Question

Aqueous zinc oxide reacts with excess of NaOH, the final products are:
a.) $Zn(OH{)}_2$
b.) $N{a}_{2}Zn{O}_2$
c.) Both A and B
d.) None of them

Answer 1

Hint: In this question, you just need to focus on the word excess. Aqueous zinc oxide will dissolve in alkalis to give soluble compounds. Now give your answer accordingly.
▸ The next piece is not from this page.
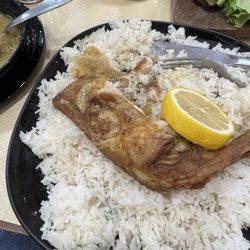 Restaurant Mame Diarra - Chicken and rice (yassa poulet)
Complete step by step answer:

Zinc hydroxide can be prepared by adding sodium hydroxide solution, but not in excess, to a solution of any zinc salt. A white precipitate will be seen:
$Z{n}^{2+}+2O{H}^{-}\to Zn(OH{)}_2$
If excess sodium hydroxide is added, the precipitate of zinc hydroxide will dissolve, forming a colorless solution of zincate ion:
$Zn(OH{)}_2+2O{H}^{-}\to Zn(OH{)}_4^{2-}$
Solutions of sodium zincate may be prepared by dissolving zinc, zinc hydroxide, or zinc oxide in an aqueous solution of sodium hydroxide.
Hence, we can say that zinc oxide reacts with an excess of sodium hydroxide to produce sodium zincate and water. This reaction takes place at a temperature of 500-${600}^0$C.
$ZnO+2NaOH\to N{a}_{2}Zn{O}_2+H_{2}O$

Therefore, we can conclude that the correct answer to this question is option B.

Note: Sodium zincate refers to anionic zinc oxides or hydroxides, depending on conditions. In the applications of these materials, the exact formula is not necessarily important and it is likely that aqueous zincate solutions consist of mixtures.
$N{a}_{2}Zn{O}_2$ is a type of oxo zincate.